* **Task objective**
In this exercise, the entries below include pictures. Repeat exactly the lines from the line with "Γιαγιά Κούκου: Παστιτσάδα" to the line with "clive_damian online show", including both, but without the pictures.
*** Source material
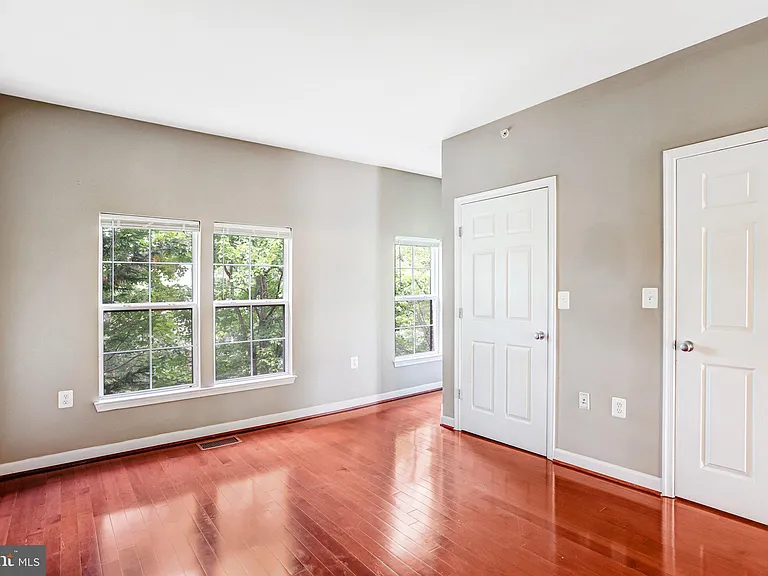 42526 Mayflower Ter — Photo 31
******
*** Source material
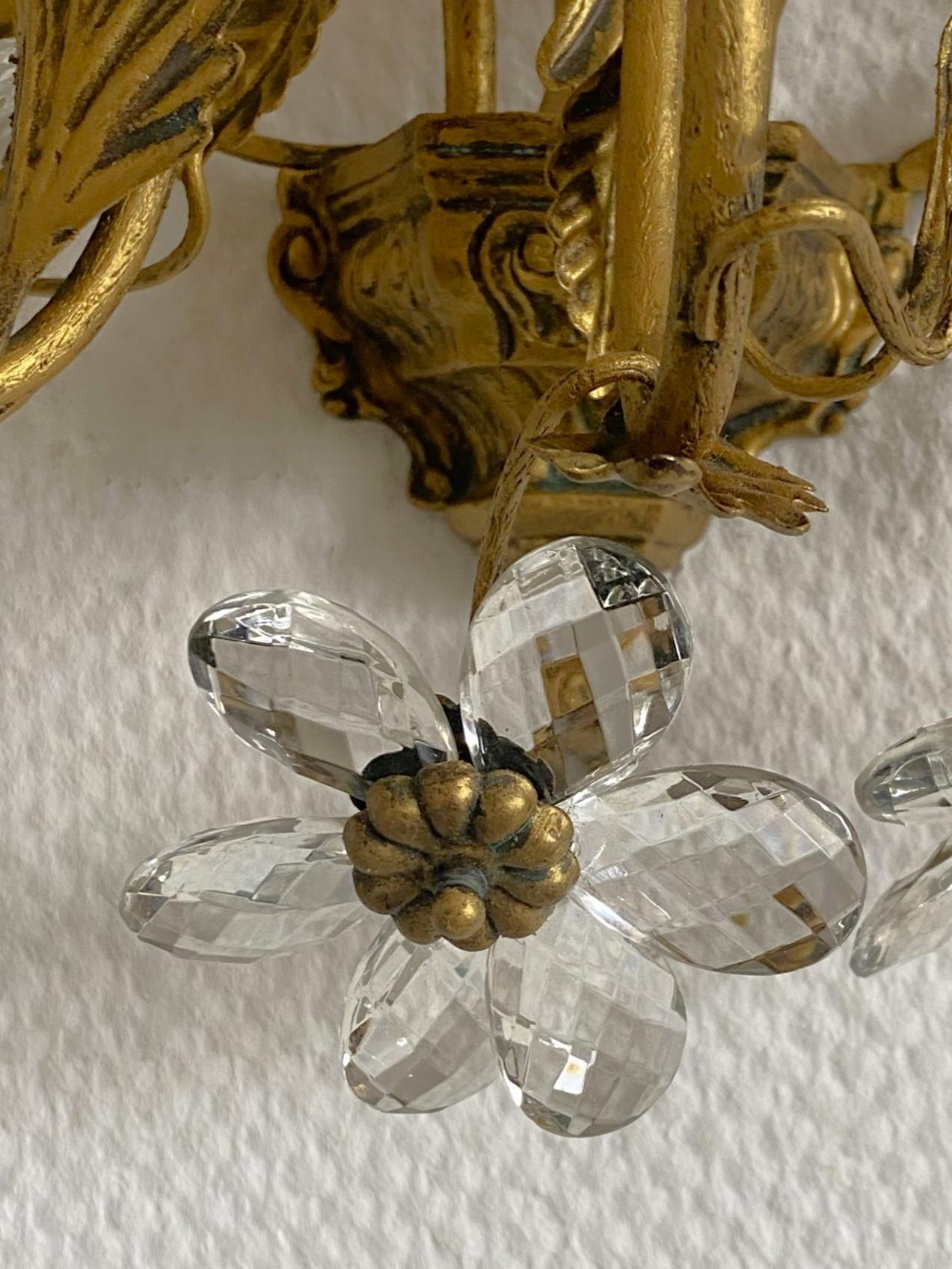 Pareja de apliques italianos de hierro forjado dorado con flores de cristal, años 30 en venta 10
******
*** Source material
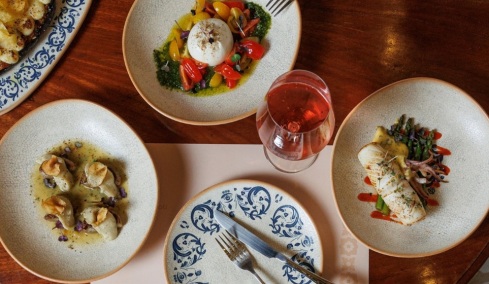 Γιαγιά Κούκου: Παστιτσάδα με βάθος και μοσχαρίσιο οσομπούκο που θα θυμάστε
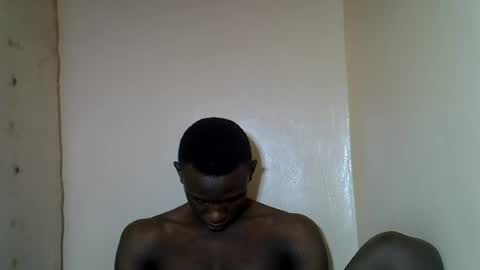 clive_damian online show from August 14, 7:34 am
******
* **Output of the exercise**
 Γιαγιά Κούκου: Παστιτσάδα με βάθος και μοσχαρίσιο οσομπούκο που θα θυμάστε
 clive_damian online show from August 14, 7:34 am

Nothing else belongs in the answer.